Caminhando nos passos da Elizabeth, eu parecia uma idiota andando por aquela casa, sempre sorrindo, completamente encantada – devo confessar que uma das melhores coisas de viajar, pra mim, é viver esses momentos “filme/livro”, estar em lugares que eu vi pela TV ou que só imaginei é surreal.

A biblioteca, que não vemos no filme, é o sonho de qualquer leitor. Acho que eu compreendo o porque de não deixar os visitantes passarem da porta – se eu entrasse, nunca mais conseguiria sair.

Uma das partes mais lindas e legais para uma fã de carteirinha de Orgulho & Preconceito é a galeria de estátuas. Mais um daqueles momentos em que a gente se sente como a Elizabeth. Infelizmente, a estátua do Matthew, que ficou exposta por algum tempo não estava lá. É a minha opinião, compartilhada com a Samanta, que a Duquesa de Devonshire (dona da casa e para quem a estátua foi presenteada) é muito egoísta e quer ficar com a imagem do nosso muso só para ela.

 

A galeria de estátuas é a ultima parte da casa a qual os turistas em acesso. Depois disso, somos direcionados aos jardins – sim, porque todo aquele caminho até a casa NÃO é considerada jardim.

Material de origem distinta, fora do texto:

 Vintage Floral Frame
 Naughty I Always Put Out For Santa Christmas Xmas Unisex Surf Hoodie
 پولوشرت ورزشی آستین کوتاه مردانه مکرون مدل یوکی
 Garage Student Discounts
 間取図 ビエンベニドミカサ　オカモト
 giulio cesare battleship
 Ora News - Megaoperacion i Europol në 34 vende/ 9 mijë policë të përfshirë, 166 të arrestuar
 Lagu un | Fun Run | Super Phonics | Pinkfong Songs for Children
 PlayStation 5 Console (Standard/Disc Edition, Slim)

Os jardins são ENORMES! Conservatório, labirinto, o chafariz que aparece no final alternativo do filme de 2005… Não consegui ver tudo. Acho que mais de um dia é necessário para explorar todo o espaço que é humildemente chamado de jardim.

Para mim, uma das coisas mais legais dos jardins foi andar pelo caminho feito pela carruagem que os Gardiners e a Elizabeth fazem para chegar a Pemberley.

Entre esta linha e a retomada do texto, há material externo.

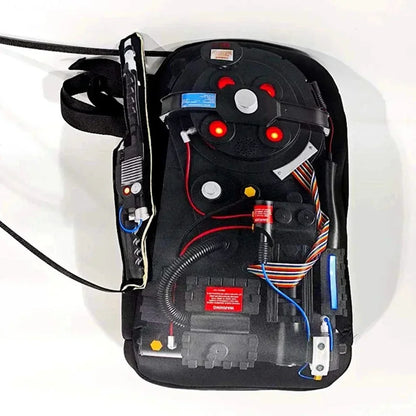 Ghostbusters Movie Cosplay Costume Set with Proton Pack Prop for Adults Halloween Carnival 2026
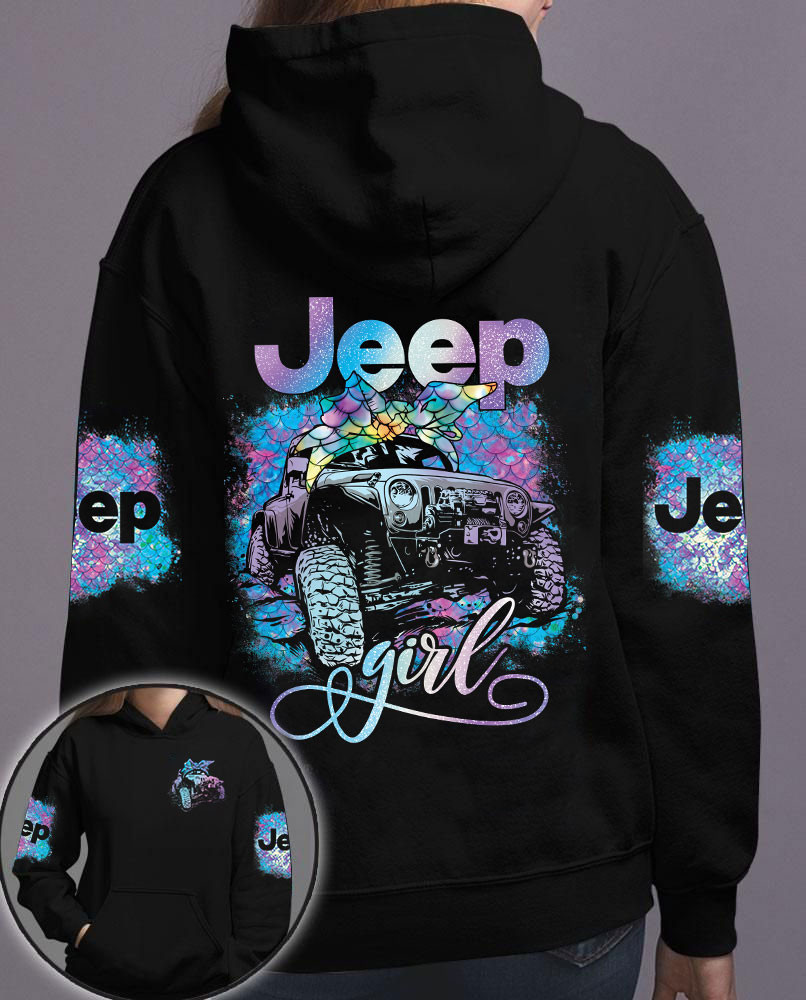 Bling Pink Purple Jp Girl Mermaid Hoodie 3D #71221H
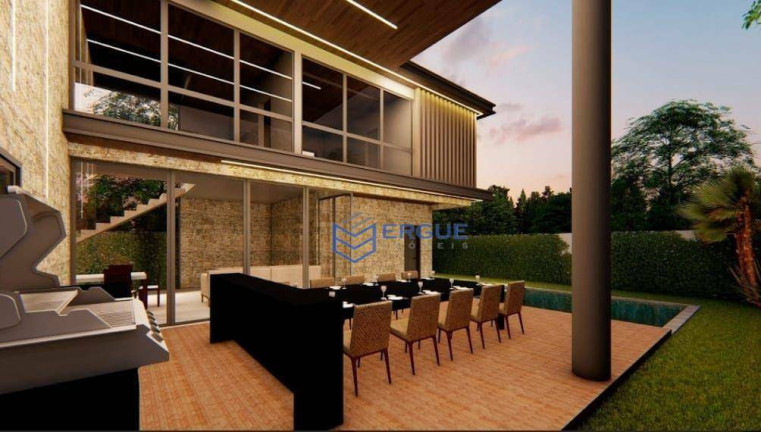 Imagem Casa com 4 Quartos à Venda, 327 m² em Cidade Alpha - Eusébio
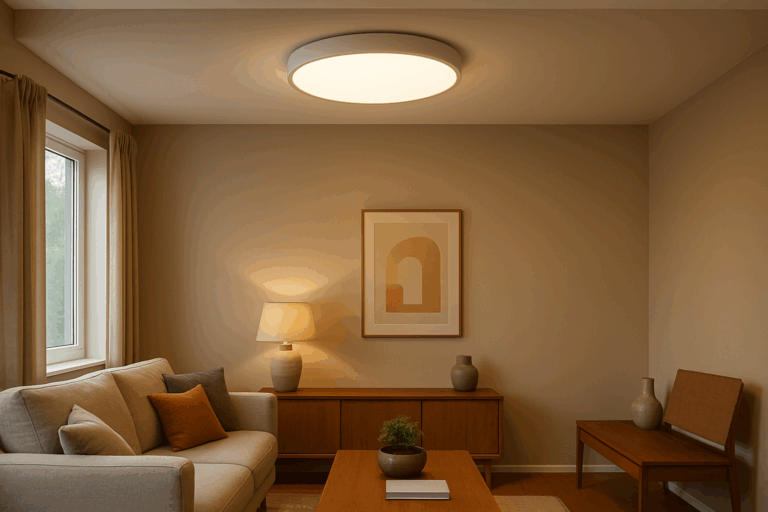 Plafonnier LED astuces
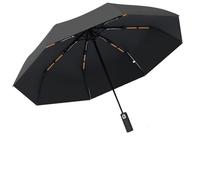 SNGUOQ 1 paraguas plegable automático for lluvia, refuerzo y engrosamiento for el sol Para Viajes Y Actividades Al Aire Libre(Color1)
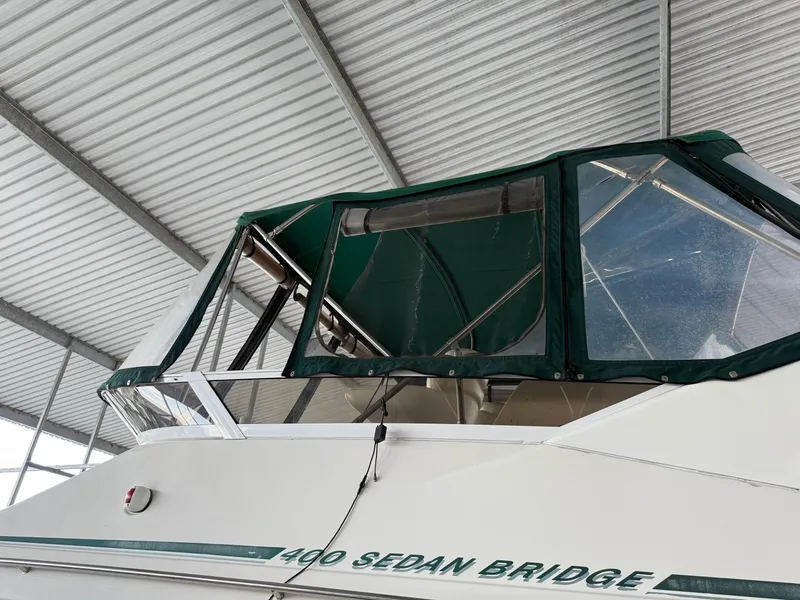 Slide: The Image of Sea Ray 400 Sedan Bridge 1999 - 66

Chatsworth foi um dos lugares mais lindos que eu visitei na vida. A casa é divina, mas a paisagem foi o que realmente me tocou. Como visitei a casa no final de setembro, o outono estava chegando, e as cores eram maravilhosas – verdes, vermelhos e marrons se misturando e criando o cenário perfeito, ainda mais com aquela casa lindíssima no meio disso tudo.

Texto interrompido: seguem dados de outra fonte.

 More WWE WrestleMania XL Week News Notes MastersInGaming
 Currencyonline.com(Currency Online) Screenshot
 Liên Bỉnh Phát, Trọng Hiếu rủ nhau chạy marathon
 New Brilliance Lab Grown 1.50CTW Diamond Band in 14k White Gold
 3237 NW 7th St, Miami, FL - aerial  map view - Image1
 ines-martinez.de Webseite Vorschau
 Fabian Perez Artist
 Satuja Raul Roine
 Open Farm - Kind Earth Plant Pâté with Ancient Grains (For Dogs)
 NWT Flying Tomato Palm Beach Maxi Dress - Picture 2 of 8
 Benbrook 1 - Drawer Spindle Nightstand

Espero um dia poder voltar lá sem que a casa esteja em reforma para finalmente poder andar onde a Elizabeth e o Darcy tem aquela conversa extremamente ‘awkward’ quando eles se encontram em Pemberley. Ahhh, o encontro em Pemberley é minha cena preferida, seja no livro, na série ou no filme. Visitar esse lugar foi mesmo mágico!

Deixo vocês com uma imagem da casa, que assim como a primeira, não é minha. Não é lindo esse lugar?

Para mais informações sobre esse paraíso: http://www.chatsworth.org/

Até o próximo post,

Deborah

PS.: Infelizmente, não encontrei o Mr. Darcy por lá, mas não desisti da minha busca!